ECLI:NL:RBDHA:2022:10057
Rechtbank Den Haag
- Eerste aanleg - enkelvoudig
- Rechtspraak.nl
Niet-ontvankelijkheid van beroep wegens te late indiening van beroepschrift in bestuursrechtelijke zaak
In deze uitspraak van de Rechtbank Den Haag op 3 oktober 2022, met zaaknummer SGR 21/5877, is het beroep van eiser niet-ontvankelijk verklaard. Eiser had beroep ingesteld tegen de vaststelling van de hoogte van de lening voor de inburgeringscursus, de termijn van terugbetaling en een boete van € 250,-. Het bestreden besluit, genomen door de minister van Sociale Zaken en Werkgelegenheid op 16 juni 2021, bleef in stand na het indienen van een bezwaarschrift door eiser. De rechtbank heeft op 5 september 2022 de zaak behandeld, waarbij zowel eiser als de gemachtigde van de minister aanwezig waren.
De rechtbank heeft eerst beoordeeld of het beroepschrift tijdig was ingediend. Volgens de Algemene Wet bestuursrecht (Awb) geldt een termijn van zes weken voor het indienen van een beroepschrift, die begint op de dag na de bekendmaking van het besluit. In dit geval begon de termijn op 17 juni 2021 en eindigde op 28 juli 2021. Eiser heeft het beroepschrift echter pas op 5 september 2021 ingediend, meer dan vijf weken na het verstrijken van de termijn. Eiser voerde aan dat een positieve Coronatest en zijn risicogroepstatus de reden waren voor de vertraging.

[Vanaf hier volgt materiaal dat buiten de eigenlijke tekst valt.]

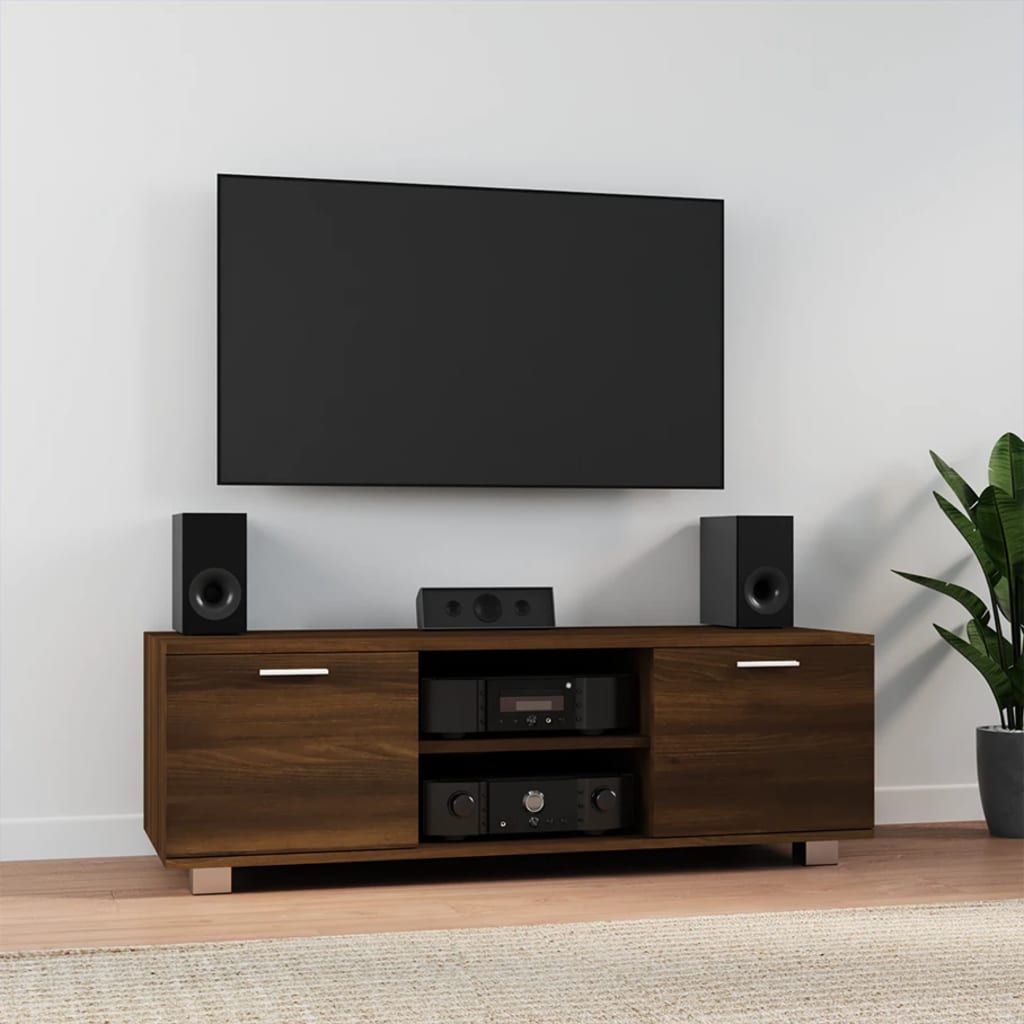 Meuble TV Chêne marron 120x40,5x35 cm Bois d'ingénierie - XIOS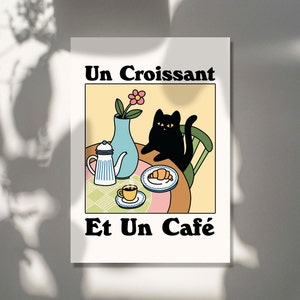 French Cafe Croissant Cat Print, Retro Drink Poster, Bistro Coffee Posters, Un Cafe Sil Vous Plait, Kitchen Decor, Unique Posters, UNFRAMED image 5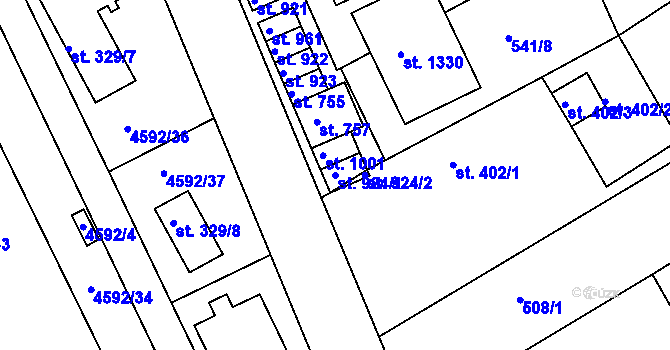 Parcela st. 924/1 v KÚ Slavičín, Katastrální mapa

De rechtbank oordeelde dat eiser niet aannemelijk had gemaakt dat het onmogelijk was om het beroepschrift op tijd in te dienen. De rechtbank concludeerde dat de redenen die eiser aanvoerde niet voldoende waren om de te late indiening te verontschuldigen. Daarom werd het beroep niet-ontvankelijk verklaard, wat betekent dat de rechtbank de beroepsgronden niet inhoudelijk heeft beoordeeld. Eiser kreeg geen terugbetaling van het griffierecht en ook geen vergoeding van proceskosten. De uitspraak werd openbaar uitgesproken en een afschrift werd verzonden aan de betrokken partijen.